◆ **Task to carry out**: Apart from the pictures, every entry should be reproduced exactly.

◆ **Given information**:
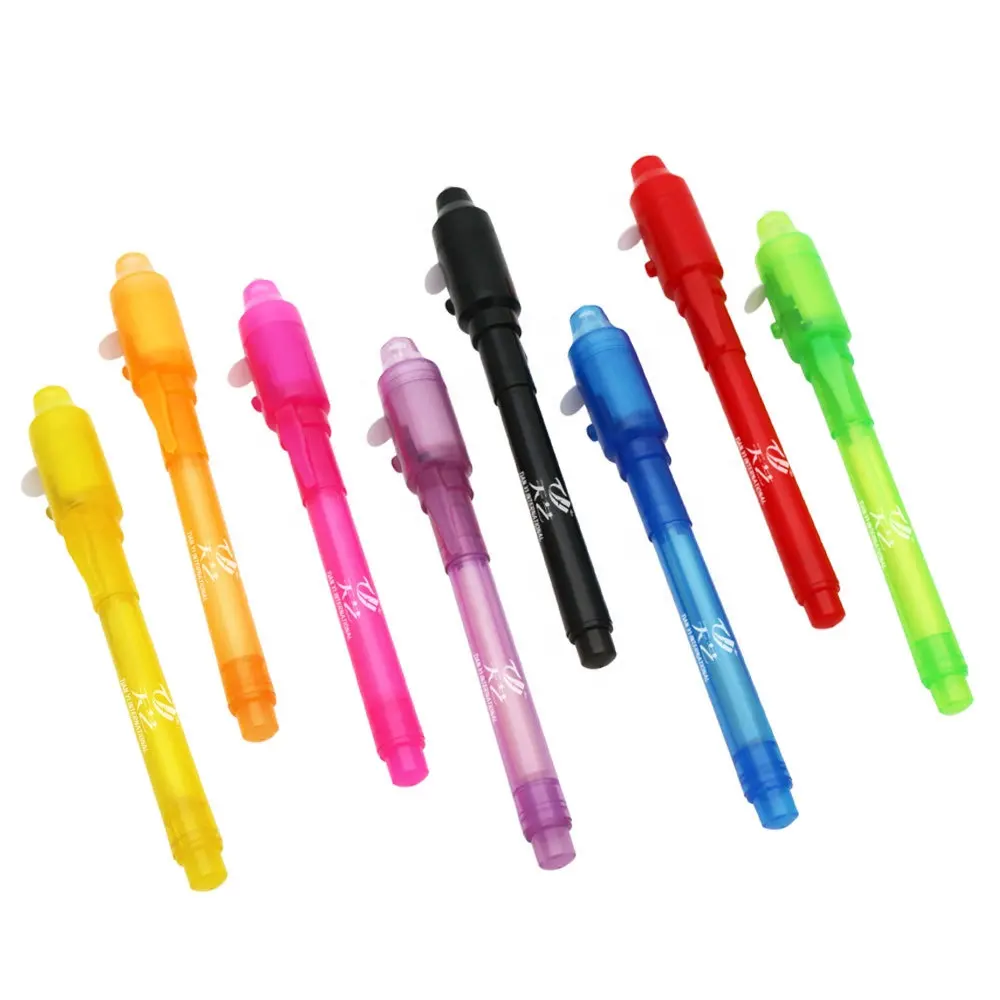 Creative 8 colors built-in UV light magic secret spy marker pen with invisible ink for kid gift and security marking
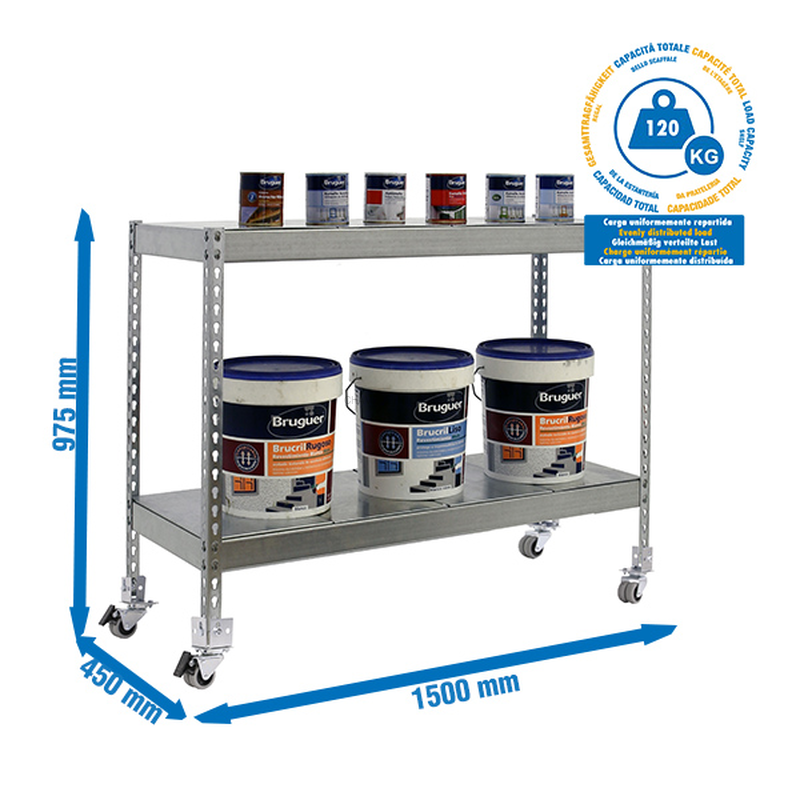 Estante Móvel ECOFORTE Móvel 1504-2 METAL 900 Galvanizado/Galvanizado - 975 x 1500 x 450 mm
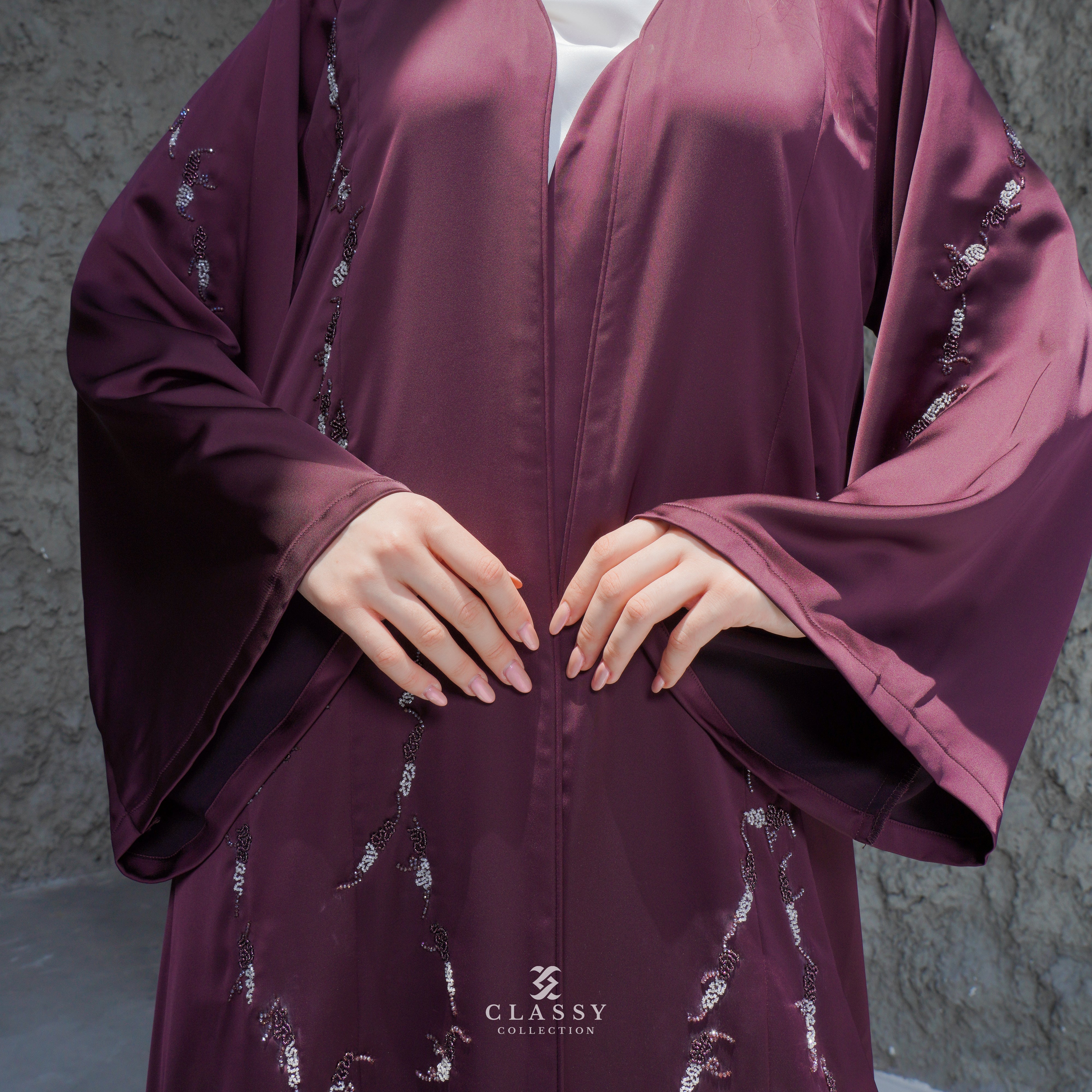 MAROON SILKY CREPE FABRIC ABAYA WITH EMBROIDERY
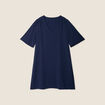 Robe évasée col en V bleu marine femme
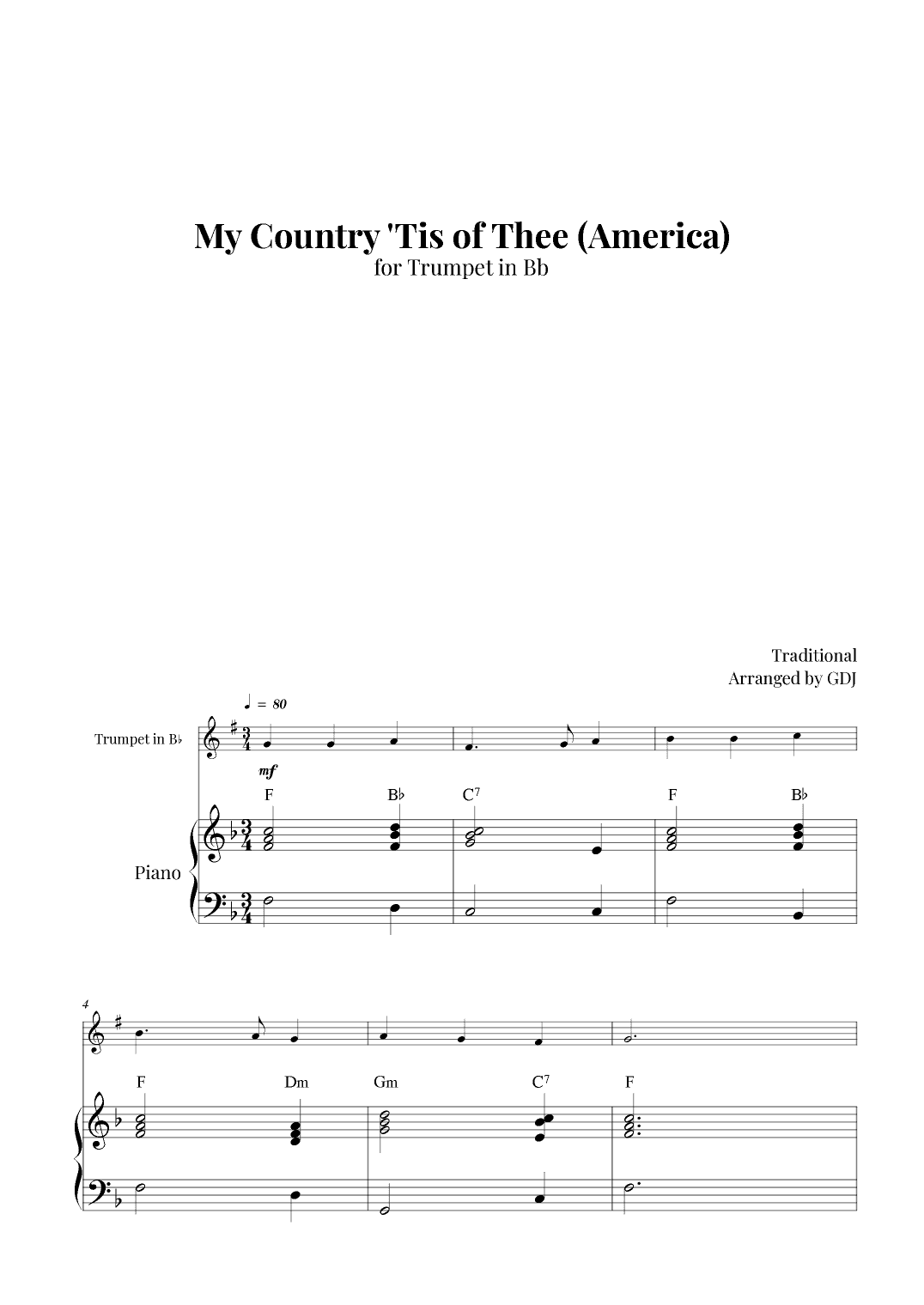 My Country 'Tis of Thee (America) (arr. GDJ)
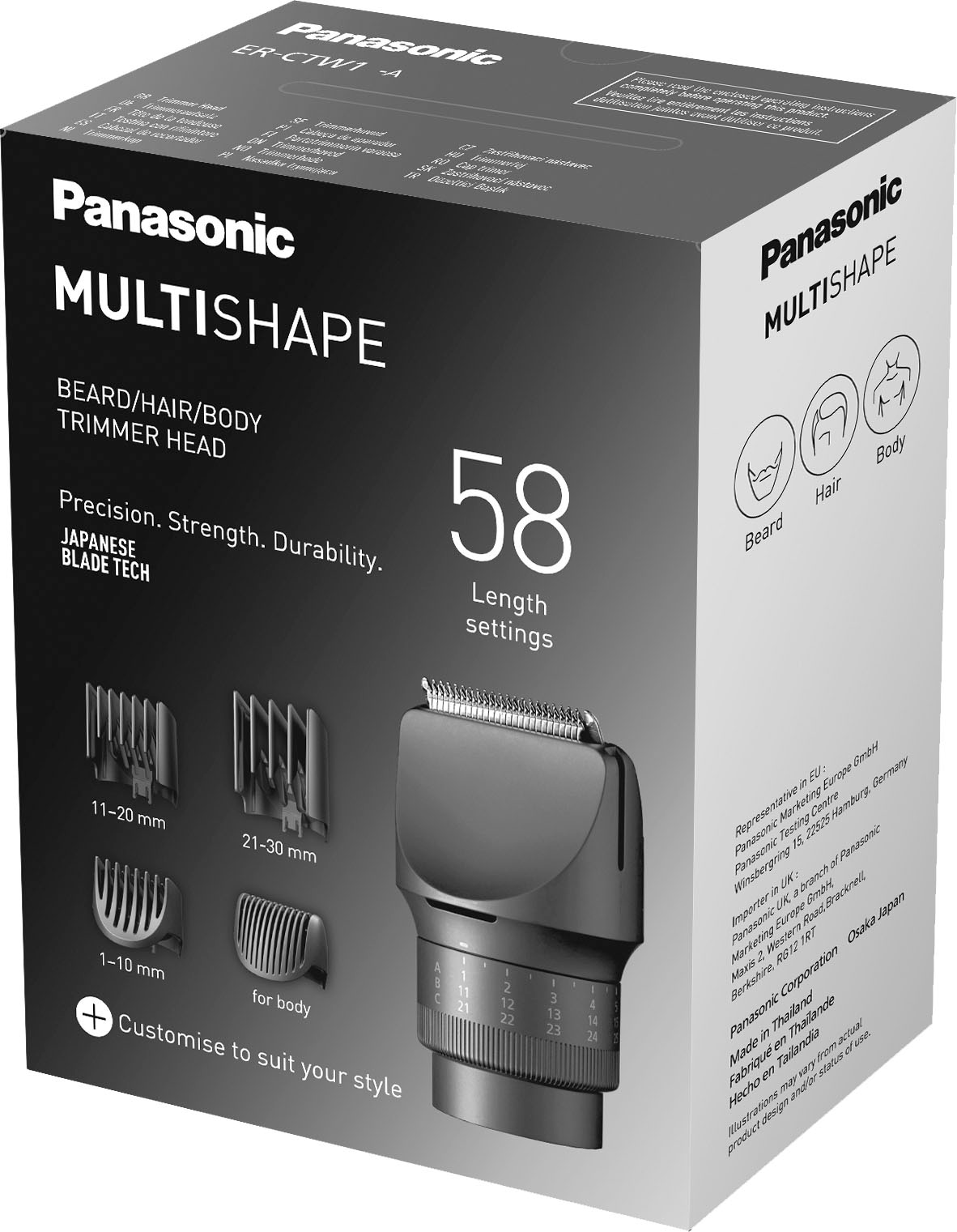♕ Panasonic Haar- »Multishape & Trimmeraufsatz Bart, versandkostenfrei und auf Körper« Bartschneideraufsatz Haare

◆ **Reply to the task**:
 Creative 8 colors built-in UV light magic secret spy marker pen with invisible ink for kid gift and security marking
 Estante Móvel ECOFORTE Móvel 1504-2 METAL 900 Galvanizado/Galvanizado - 975 x 1500 x 450 mm
 MAROON SILKY CREPE FABRIC ABAYA WITH EMBROIDERY
 Robe évasée col en V bleu marine femme
 My Country 'Tis of Thee (America) (arr. GDJ)
♕ Panasonic Haar- »Multishape & Trimmeraufsatz Bart, versandkostenfrei und auf Körper« Bartschneideraufsatz Haare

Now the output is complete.